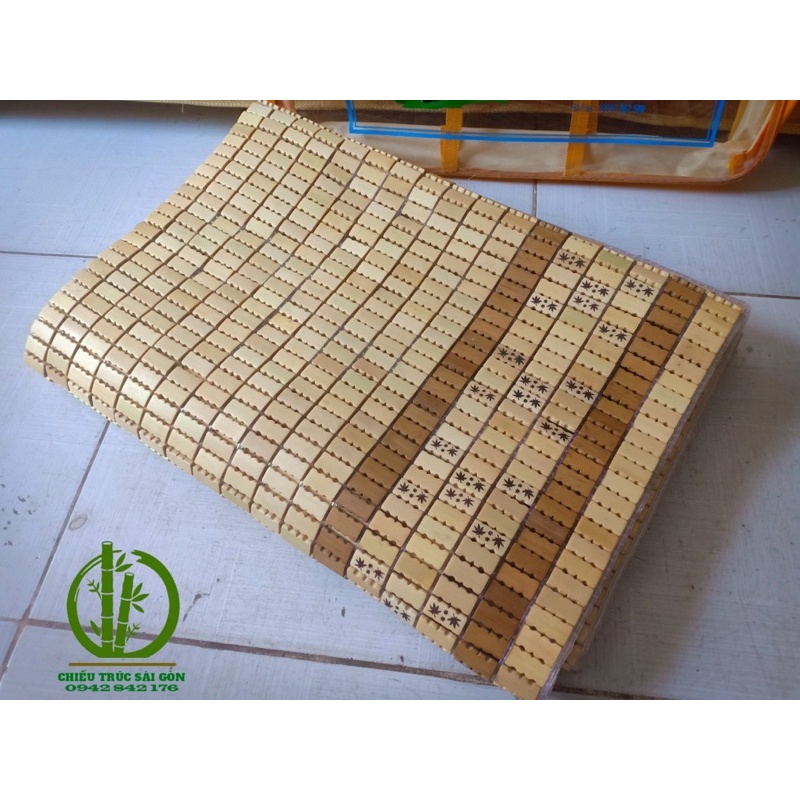 Chiếu Trúc Hạt Vàng 1M6 x 2m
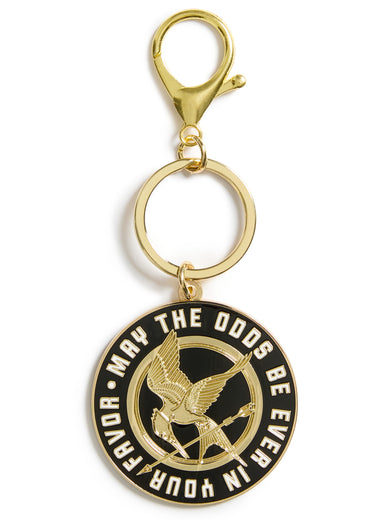Hunger Games: May the Odds Keychain-Lifestyle and Leisure-買書書 BuyBookBook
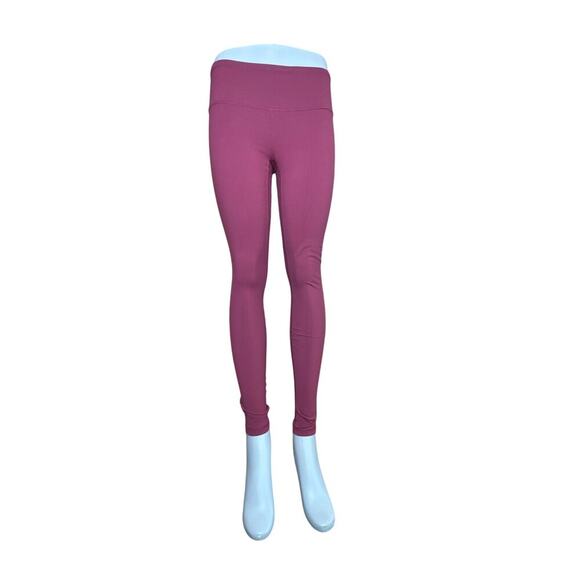 Prana Dark Orange Leggings – Women’s Small - Picture 1 of 6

══════

=== REQUIRED WORK ===
The expected answer consists solely of the lines from the one with "Hunger Games: May" through the last line of the listing above, restated exactly, minus any pictures.

=== RESPONSE TO THIS EXERCISE ===
Hunger Games: May the Odds Keychain-Lifestyle and Leisure-買書書 BuyBookBook
 Prana Dark Orange Leggings – Women’s Small - Picture 1 of 6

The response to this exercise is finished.